On the basis of the results of the experiment, the following conclusions and practical recommendations can be formulated.

(1) The possibility of determining the total content of phenols in the form of azo dyes has been confirmed. It has been established that the analysis of multicomponent aqueous solutions containing phenols at a level of 10–5 mol/L can be carried out in a metrologically correct way based on the construction of inverted multivariate calibrations.

(2) Using inverted multivariate calibrations, it is possible to obtain significantly more correct estimates of the total content of phenols than by calculating the corresponding total index. After optimizing the number of analytical wavelengths and the amount of samples in the training set, the single errors in the group analysis of mixtures from the test sample according to the corresponding multivariate calibration did not exceed 13 rel %, and the generalized error of analysis (RMSEP) was 7.8% of the average phenolic content. At the same time, the sensitivity, precision, and duration of analysis using the new method are close to the characteristics of traditional methods for assessing the total content of phenols.

(3) The main disadvantage of the new technique is the sensitivity of the result of analysis to the individual composition of the samples being studied. If there are phenols in the sample that were not taken into account when constructing a simplified multivariate calibration, the systematic errors of the group analysis increase sharply. In such cases, the use of II may be preferable. Particularly dangerous is the presence of phenols in the sample, which are determined with much greater or much less sensitivity than the phenols used to construct the MC. Therefore, the training set should include the widest possible set of phenols, including compounds determined with particularly high and particularly low sensitivity.
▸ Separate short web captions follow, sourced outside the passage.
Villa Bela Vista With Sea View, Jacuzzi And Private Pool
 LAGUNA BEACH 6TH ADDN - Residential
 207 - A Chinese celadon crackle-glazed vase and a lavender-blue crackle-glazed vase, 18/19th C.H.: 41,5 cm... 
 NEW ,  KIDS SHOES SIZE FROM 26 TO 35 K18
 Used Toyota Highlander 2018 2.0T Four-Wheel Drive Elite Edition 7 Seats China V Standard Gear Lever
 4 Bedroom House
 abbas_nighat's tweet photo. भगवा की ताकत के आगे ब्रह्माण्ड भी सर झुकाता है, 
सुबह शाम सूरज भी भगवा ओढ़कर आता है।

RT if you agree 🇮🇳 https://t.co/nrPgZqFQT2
This recommendation was confirmed experimentally using multivariate calibration constructed using ten model mixtures, including all eight phenols we used: the total contents of phenols in model mixtures from all three test samples were determined quite accurately (single errors were less than 15 rel %, RMSEP = 8.5%).

(4) The use of multivariate calibrations to determine the total content of phenols in wastewater, as well as in heavily polluted natural waters, is possible and advisable. It is necessary only to form multivariate calibrations in accordance with the expected composition of phenolic mixtures in the corresponding waters, identifying their main components using HPLC, and then include these phenols in the training set. Thus, to analyze waters of different types, different multivariate calibrations will be required. An alternative field of methodological research is the elimination of intragroup selectivity of analytical signals, which can lead to the creation of a unified calibration.